Am Tue, 29 Oct 2024 08:56:19 -0500 schrieb olcott:

On 10/29/2024 2:57 AM, Mikko wrote:

On 2024-10-29 00:57:30 +0000, olcott said:

On 10/28/2024 6:56 PM, Richard Damon wrote:

On 10/28/24 11:04 AM, olcott wrote:

On 10/28/2024 6:16 AM, Richard Damon wrote:

The machine being used to compute the Halting Function has taken a
finite string description, the Halting Function itself always took
a Turing Machine,
>

That is incorrect. It has always been the finite string Turing
Machine description of a Turing machine is the input to the halt
decider. There are always been a distinction between the abstraction
and the encoding.

>
Nope, read the problem you have quoted in the past.
>

Ultimately I trust Linz the most on this:
>
the problem is: given the description of a Turing machine M and an
input w, does M, when started in the initial configuration qow,
perform a computation that eventually halts?
https://www.liarparadox.org/Peter_Linz_HP_317-320.pdf
Ĥ.q0 ⟨Ĥ⟩ ⊢* embedded_H ⟨Ĥ⟩ ⟨Ĥ⟩ ⊢* Ĥ.qy ∞
Ĥ.q0 ⟨Ĥ⟩ ⊢* embedded_H ⟨Ĥ⟩ ⟨Ĥ⟩ ⊢* Ĥ.qn
Linz also makes sure to ignore that the behavior of ⟨Ĥ⟩ ⟨Ĥ⟩ correctly
simulated by embedded_H cannot possibly reach either ⟨Ĥ.qy⟩ or ⟨Ĥ.qn⟩
because like everyone else he rejects simulation out of hand:
We cannot find the answer by simulating the action of M on w,
say by performing it on a universal Turing machine, because there is
no limit on the length of the computation.

>
That statement does not fully reject simulation but is correct in the
observation that non-halting cannot be determied in finite time by a
complete simulation so someting else is needed instead of or in
addition to a partial simulation. Linz does include simulationg Turing
machines in his proof that no Turing machine is a halt decider.
>

To the best of my knowledge no one besides me ever came up with the idea
of making a simulating halt decider / emulating termination analyzer.

That's very bad knowledge.
>

Every sufficiently competent and honest person agrees that I am correct.

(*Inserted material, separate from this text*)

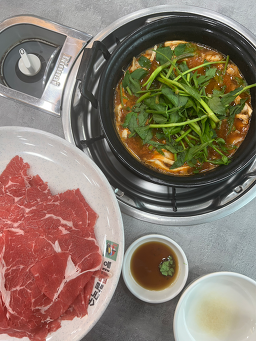 Deungchonsyabeukalguksu (등촌샤브칼국수) 3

You live in a very sad world.
>

Insufficiently competent or dishonest people can not show any actual
error in my work. They generally incorrectly paraphrase my work and then
form a rebuttal to the incorrect paraphrase. This is known as the
strawman deception.

This is a very easy excuse.
>

>
That conclusively proves to be true on the basis of
the exact works of the actual rebuttals. Almost every
rebuttal is based on an incorrect paraphrase of what
I said. This is a verified fact. People that only glance
at my words before spouting off a canned rebuttal will
never notice this.
>
 > This is a very easy excuse.
Is such a canned rebuttal.
>

>
And your paraphrase of the problem makes your "rebuttal" to the halting proof must a lie.
>
All you have proved is that that you are totally ignorant of what you are talking about, and that you don't mind lying about it.

 ZFC only resolved Russell's Paradox because it tossed out
the incoherent foundation of https://en.wikipedia.org/wiki/Naive_set_theory

So?
And then they did the work to show their new theory worked.
IF you want to create a new logic system, go ahead and do it, and start at the beginning,
 From everything I have seen, you are just not up to that task, but I an willing to be proved wrong on that. But you need to produce in fact, what you claim without proof,

 It has always been the case that halt deciders and termination
analyzers compute the mapping from their finite string inputs
to the behavior that these finite strings actually specify in
the same way that there never actually have been any sets that
contain themselves, this has always been a misconception.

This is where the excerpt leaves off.